Harvard University COVID-19 updates

Department Message from the Chair

Message from the Chair

July 3rd, 2021

Happy New Year!

A university marks its time by more than one calendar. Those of us close to MCB’s finances mark the new fiscal year (July 1), and I hope all of us have a well-deserved summer break before we return to a new academic year (September 1). For over a year now we have also been marking our time from the beginning of a pandemic, and a new year seems to be dawning in that reckoning too.

It’s good to see some light, because the pandemic has been hard. We mourn the deaths of Rob Lue, Peter Arvidson, and Guido Guidotti. Several colleagues retired after many years of service, a bittersweet sort of loss: Andy Banadyga, Jack Conlin, Nancy Hegarty, and Carol Sutherland (Admin/Lab Services); Mary Branco, Jack Howard, Steven Keirstead, and Lansing Wagner (Biology Teaching Laboratories); Karen Fahrner (Berg lab); Eileen Snow, Chuck Bilikas, and Les Takacs (Biolabs building operations); and Sid Paula (Environmental Health & Safety). We couldn’t offer proper goodbyes or thanks in person. The pandemic has separated us, threatened friends and family, and set back the aspirations of students and postdocs. The department we return to this fall will be different.

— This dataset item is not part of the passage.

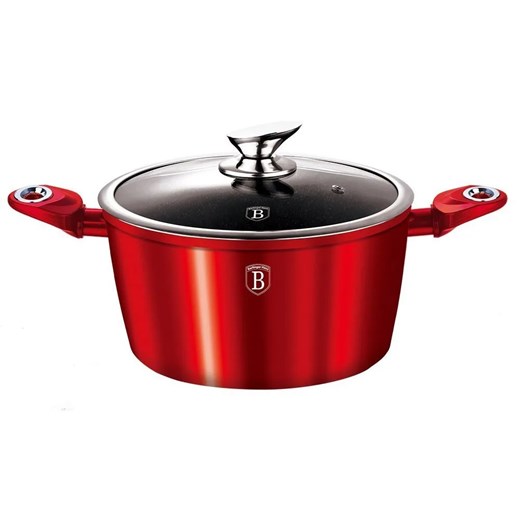 Aluminiowy czerwony garnek na indukcję Biały połysk B9-F62 ze sklepu Edinos.pl w kategorii Garnki - zdjęcie 173715715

We look forward to that return nonetheless. Most of the restrictions on building occupancy have lifted, and more should lift soon. MCB administration staff will return to campus in August. Fall classes will be in person. We will welcome our new first-year undergraduates and PhD students to campus – though with some still-lingering red tape for international students and their visas. With vaccination rates looking near-100% in the Harvard community, our “new normal” might even look passably like the old normal, albeit with regular PCR testing (now processed in our own Northwest building, as Harvard spins up its own testing operation, independent of the Broad).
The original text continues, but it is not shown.